WHAT IS NEEDED
In the material below, begin at the line that has "Моторчик стеклоочистителя AIC 56999", stop after the line that has "Ford Puma bei Reisemobile.expert - Abbildung (3 / 15) Ford", and transcribe those lines exactly, without pictures.

PROVIDED DATA

━━━━━━━━━━

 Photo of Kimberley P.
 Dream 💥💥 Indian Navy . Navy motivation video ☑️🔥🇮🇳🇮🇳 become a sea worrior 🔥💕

━━━━━━━━━━

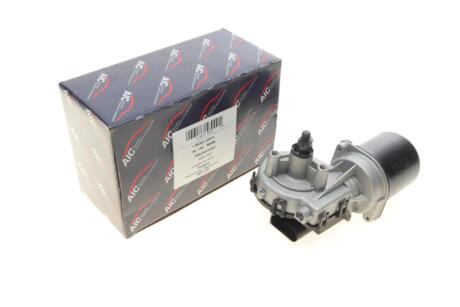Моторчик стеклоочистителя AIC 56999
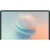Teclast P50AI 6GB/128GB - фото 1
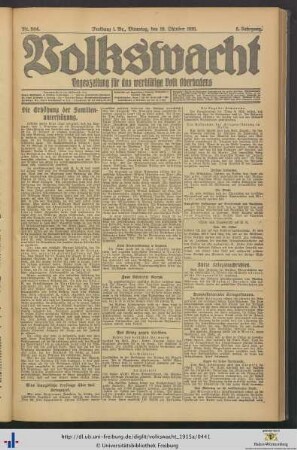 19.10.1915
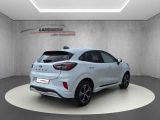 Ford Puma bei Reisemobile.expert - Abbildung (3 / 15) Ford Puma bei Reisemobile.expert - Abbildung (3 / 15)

━━━━━━━━━━

SOLVED EXERCISE
Моторчик стеклоочистителя AIC 56999
Teclast P50AI 6GB/128GB - фото 1
 19.10.1915
 Ford Puma bei Reisemobile.expert - Abbildung (3 / 15) Ford Puma bei Reisemobile.expert - Abbildung (3 / 15)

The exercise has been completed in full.